I am most curious, though, what Ham thinks is the real self.
Some of his statements I could agree with, but not as an
independent self.  -   But maybe Ham is not responding to
my posts? Maybe I've been too acrimonious. I suppose sugar and spice, and everything nice isn't one of my
active patterns.

No, Marsha. I sense no acrimony in your responses, just the same old party rhetoric repeated at the bottom of all your posts. But occasionally you do come up with an intuitive idea that blows us all away. (More on that later.)

Pirsigians like to talk philosophy by splitting hairs. They're not content to accept existence for what it is -- a self/other duality, so they've replaced duality with a tetrology of levels. They're not happy with experiential reality as a continous process, so they cut it up into "static patterns" said to "respond to Dynamic Quality". They're not comfortable with a unified Self, so they divide it into a "small self" said to be "the objective observer" and a "large self" said to be "the universe". And they call the result of all this parsing metaphysics.

[Ron]:
A "radical metaphysics" is a metaphysic of the development
of the large self of awareness one of your own private experience.
The large self is Quality, the small self is the subjective observer
in an objective universe, the large self IS the universe, aware.
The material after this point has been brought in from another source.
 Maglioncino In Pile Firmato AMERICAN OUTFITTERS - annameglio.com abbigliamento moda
When it comes to paradoxes, I tend to follow the principle of Occam's Razor, which states that "entities should not be multiplied needlessly. The simplest of two or more competing theories is preferable, and an explanation for unknown phenomena should first be attempted in terms of what is already known."

Therefore, I accept existence as what is self-evident -- the relation of a subject to its perceived objects. Whatever I sense, feel, experience, or apprehend is known to me. It is the cognitive awareness of my self identity. I do not share this awareness with other individuals or some qualitative realm of the universe. It is my my own being-aware, my proprietary self. That self is neither small nor large, but integral to "me". To deny this fact is to deny my existence.
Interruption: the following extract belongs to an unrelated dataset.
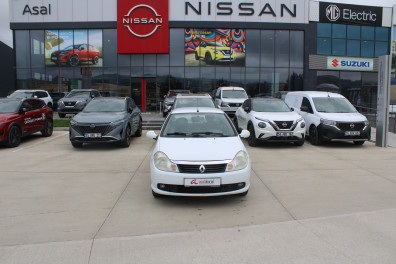 Renault Symbol 1.5 DCİ EXPRESSİON 2012 Model Düz Vites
Now, you said something to Ron that is not only significant but that bears on my concept of differentiated selfness and its perspective:

[Marsha]:
Yesterday I started to wonder what it actually means that
everything is always in a state of change? Everything! I'm thinking of the water analogy: If everything is water,
and there is nothing that is not water, then there is no meaning
to water, for there is no way of distinguishing a difference
between water and nonwater. Seems if you translate that into change, then what we have actually defined as change is illusion. And if our definition of change is an illusion, how can anything be conceived of as constant when everything is changing?

If objective reality were nothing but water, there could be no differentiated experience, value, morality, or freedom to choose. That's a profound observation, Marsha, and it demonstrates why Difference is necessary for the realization of value -- not only difference in terms of what is perceived, but difference in the "agency" of perception. As a system, existence is characterized by Difference and Relation.

The individuated agent of this system is the Self. You and I relate (respond) to universal objects and events in different ways, which distinguishes Marsha's valuistic worldview from Ham's. Neither view is absolute or more "truthful" than the other because all existential truth is relative. Yet, difference is an absolute principle. It separates Sensibility from Beingness as the primary dichotomy from which S/O existence is derived or actualized. And it divides objects (in space) and events (in time) from the particular self that experiences them. In this scheme of things, each self is a free agent of value, and the individual subject is uniquely positioned to realize Pirsig's euphemism that "some things are better than others."

So, with your help, I believe I've answered your question as to what I think is "the real self". If you and I can offer any further insight on this question, feel free to ask.